From my perspective, it would make sense to name-shift the intercepted functions during TSan compiler instrumentation. A runtime flag could then easily limit the handling of intercepted functions to name-shifted function.

Here is my reproducer:

lib.cpp (Tsan detects a race between malloc and pthread_mutex_lock):

#include <thread>
#include <mutex>
#include <atomic>

struct globals{
  std::atomic<int> g_inited{0};
  std::mutex* g_mutex;
} g;

void worker(){
  std::lock_guard<std::mutex> lock(*g.g_mutex);

extern "C"
int init(){
  auto t1 = std::thread(worker);
  g.g_mutex = new std::mutex();
  return 0;


int init();

int main(){
  return init();

build (the rpath part might be linux-specific laziness to allow finding the shared library in the current directory):

clang++ -g -fPIC -shared -pthread lib.cpp -o
clang -g -fsanitize=thread -L. -Wl,--rpath,. -ltest main.c


TSAN_OPTIONS='ignore_noninstrumented_modules=1' ./a.out

After revisiting the existing test cases, I guess it would be sufficient to add another runline:

// RUN: echo running with generic suppression of noninstrumented code:
// RUN: env  %env_tsan_opts=ignore_noninstrumented_modules=1 %run %t 2>&1 | FileCheck %s --check-prefix=CHECK-WITHSUPP

After revisiting the existing test cases, I guess it would be sufficient to add another runline:

// RUN: echo running with generic suppression of noninstrumented code:
// RUN: env  %env_tsan_opts=ignore_noninstrumented_modules=1 %run %t 2>&1 | FileCheck %s --check-prefix=CHECK-WITHSUPP

Somehow we did not have any portable tests with ignore_noninstrumented_modules=1 (only Darwin ones).
I've sent with a revert.
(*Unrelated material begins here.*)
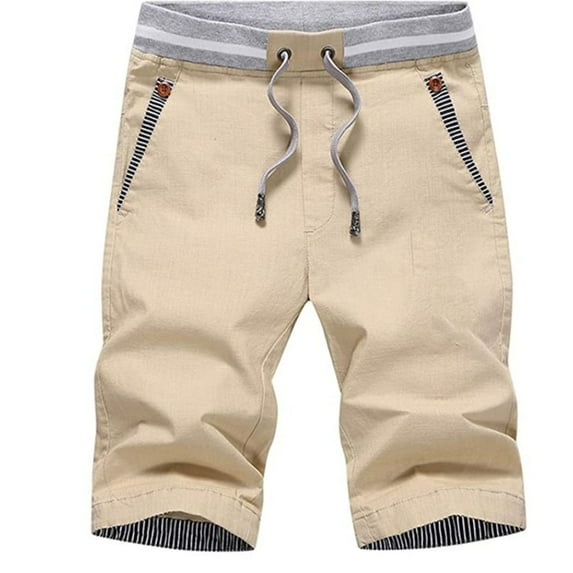 Brilliant Cargo Shorts Clearance for Men Summer Mens Casual Comfortable Workout Shorts Drawstring Pockets Elastic Shorts(Beige,S)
Thanks for tracking down the reproducer.

The reason for using ignore_noninstrumented_modules=1 is the general interception of pthread / libc functions.
If the instrumentation pass would name shift the functions during compilation, turning off the analysis for non-name shifted functions, i.e., function calls from non-instrumented code, could be done at runtime without looking at the caller.